_DATA SUPPLIED_
#####
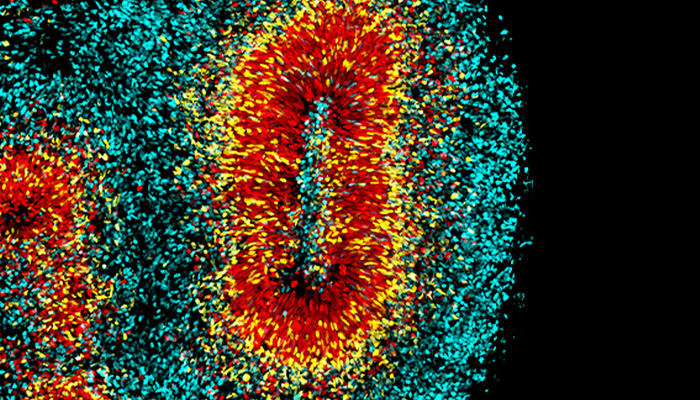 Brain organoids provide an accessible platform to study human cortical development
#####
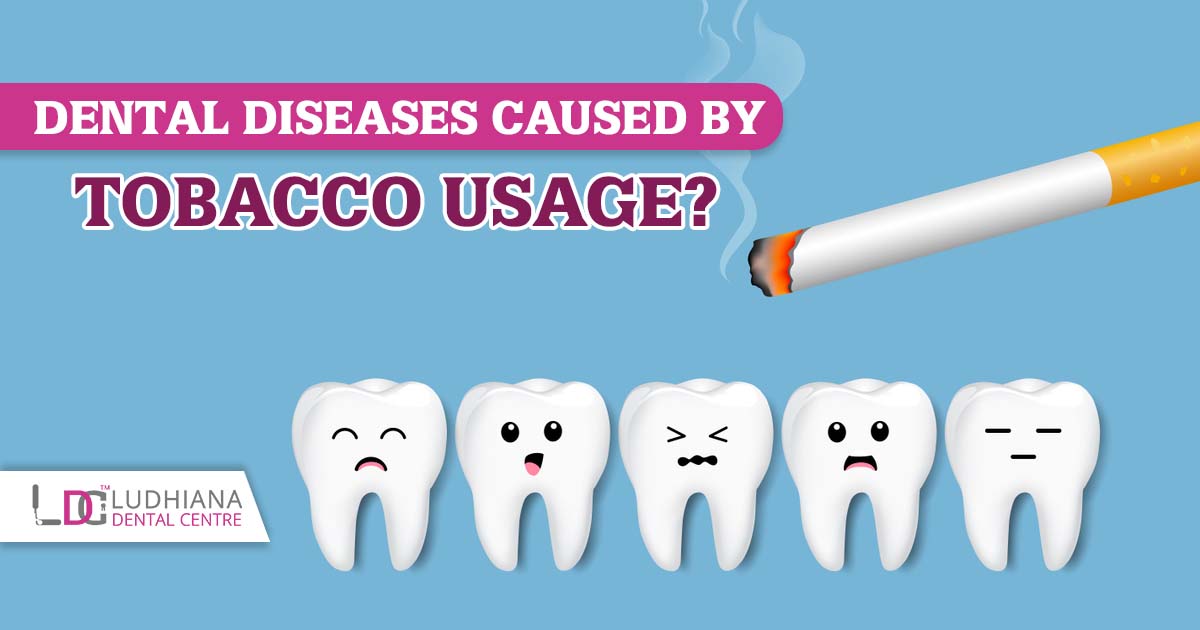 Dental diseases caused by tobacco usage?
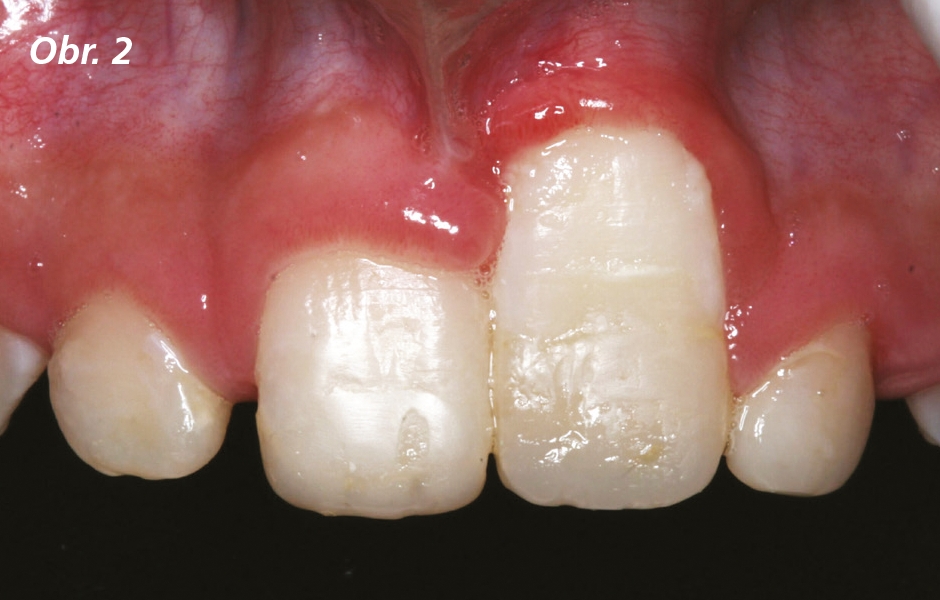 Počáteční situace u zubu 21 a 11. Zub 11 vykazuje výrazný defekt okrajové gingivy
#####
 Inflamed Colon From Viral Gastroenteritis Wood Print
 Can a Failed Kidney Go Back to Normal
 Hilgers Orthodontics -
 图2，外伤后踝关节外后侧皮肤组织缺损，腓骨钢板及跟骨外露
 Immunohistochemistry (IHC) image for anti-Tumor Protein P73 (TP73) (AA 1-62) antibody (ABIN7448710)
#####
_TASK TO CARRY OUT_
Above are the lines; repeat exactly the ones from the line containing "图2，外伤后踝关节外后侧皮肤组织缺损，腓骨钢板及跟骨外露" down to the line containing "Immunohistochemistry (IHC) image", both inclusive.

_EXERCISE SOLUTION_
 图2，外伤后踝关节外后侧皮肤组织缺损，腓骨钢板及跟骨外露
 Immunohistochemistry (IHC) image for anti-Tumor Protein P73 (TP73) (AA 1-62) antibody (ABIN7448710)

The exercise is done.